In the April 2023 issue of Scientific American, the editors draw attention to how nature can be a tool for fighting the impacts of climate change. The article outlines the dangers of prioritizing development—including climate and weather mitigation measures such as levees or seawalls—over preserving natural features that can prevent erosion, limit the impact of flooding, and make coastal areas more resilient.
“Wetlands, coastal plains, sand dunes, forests, and many other permeable surfaces do cheaply (or even for free) what engineered levees, seawalls and pumps do at a cost of billions of dollars,” the editors explain. “They are vital infrastructure that makes us more resilient against climate change, and the cost of destroying them or weakening their ability to function must be factored into the decisions we make to build and grow.”
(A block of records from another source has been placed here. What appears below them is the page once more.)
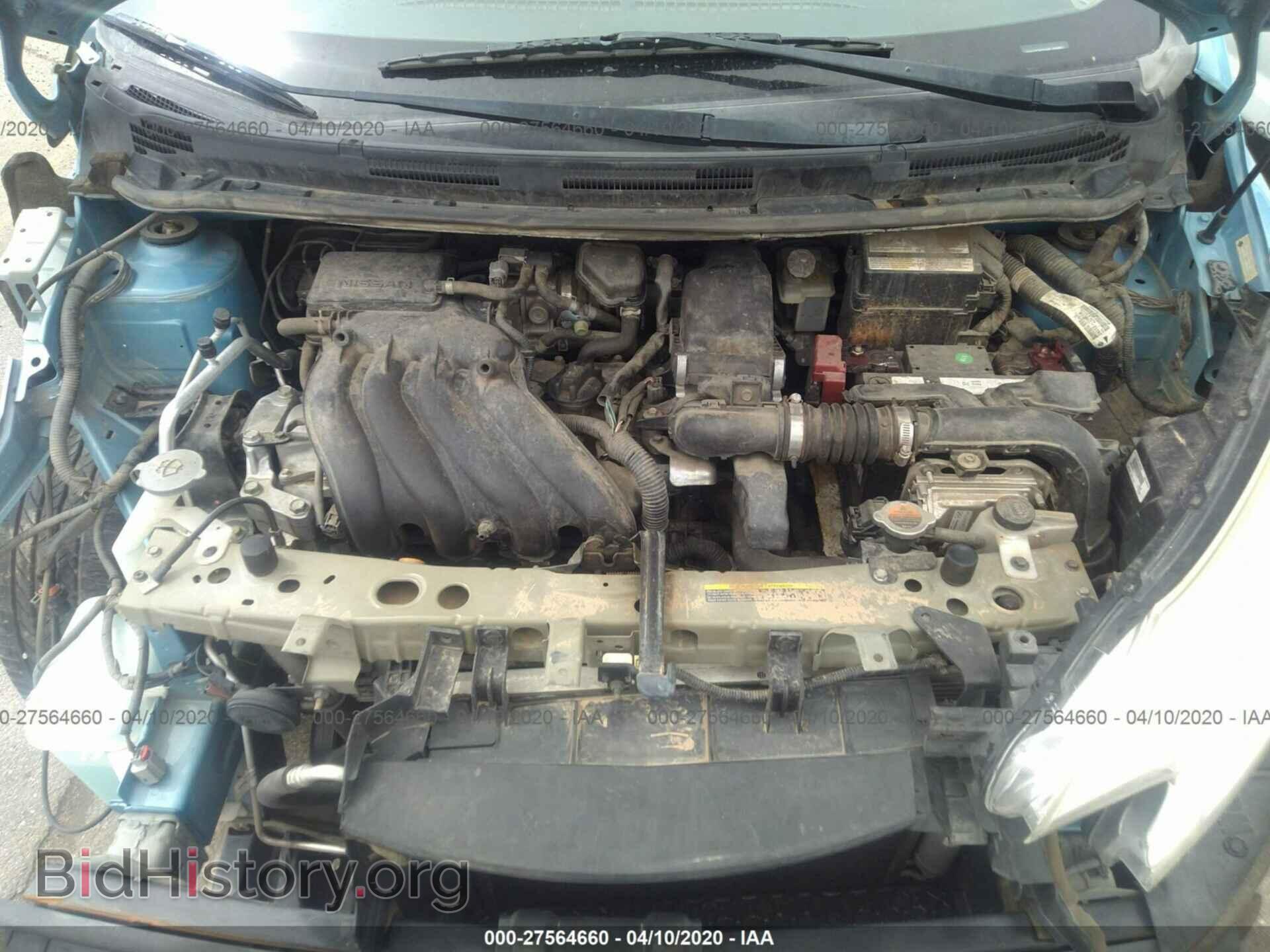 2014 NISSAN VERSA NOTE - VIN: 3N1CE2CP4EL403057 - Фото 10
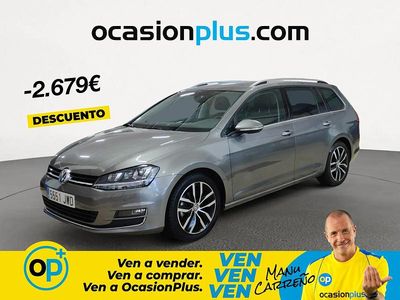 Brugt VW Golf VII Sportline 150 HK (110 kW) 2017 Grå Stationcar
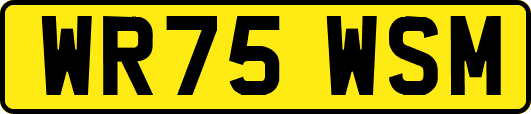 WR75WSM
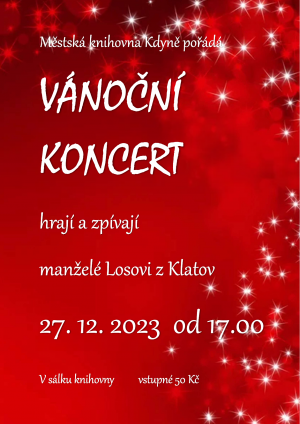 Vánoční koncert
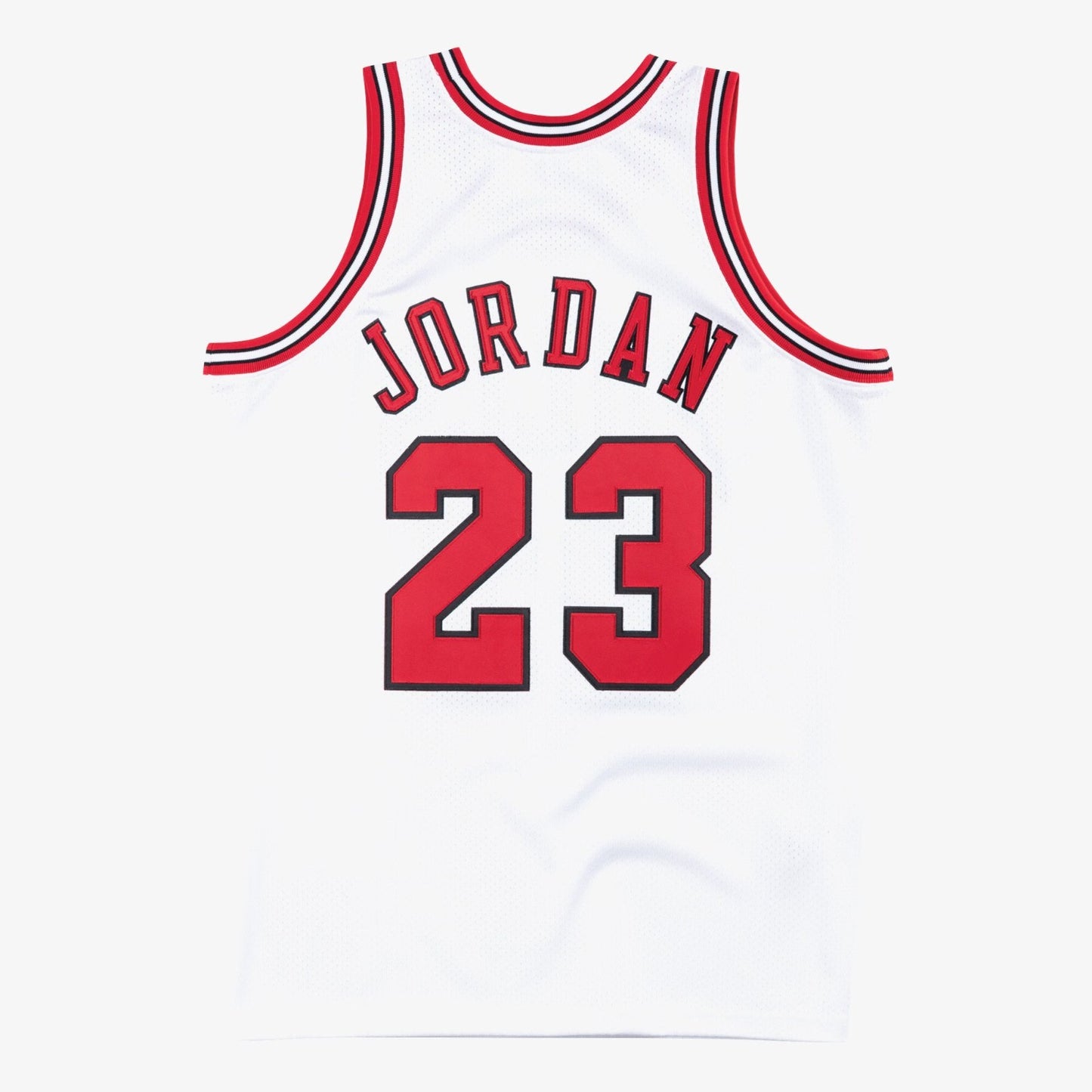 Mitchell & Ness Chicago Bulls Jordan 1995-96 Basketball Jersey / White / RRP £249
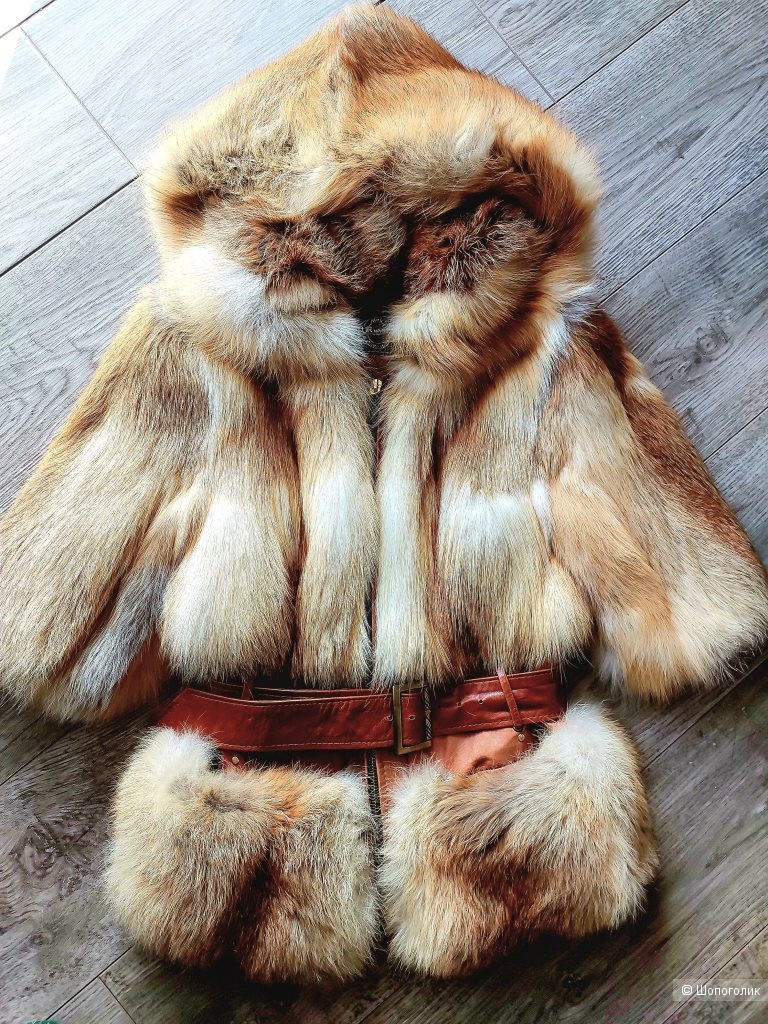 Шуба из лисы, Fur Natural, 42.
The article highlights the concept of “natural capital,” “the idea that ecosystem services should be valued in a similar manner as any form of wealth.” Because the economic value of nature—aside from usable resources like lumber and ore—has not been factored into policy decisions, may ecosystems have vanished. While it may seem crass to put a dollar value on what many consider priceless natural treasures, the editors argue we are at a point where it is necessary because “developers have long conflated pricelessness with worthlessness, allowing them to profit without paying for the consequences of destroying the environment.”
The article concludes, “Economic value is never the only reason nature is worth preserving; it is simply a powerful, underused tool to help us make decisions about how to live more sustainably in a climate-changed world.”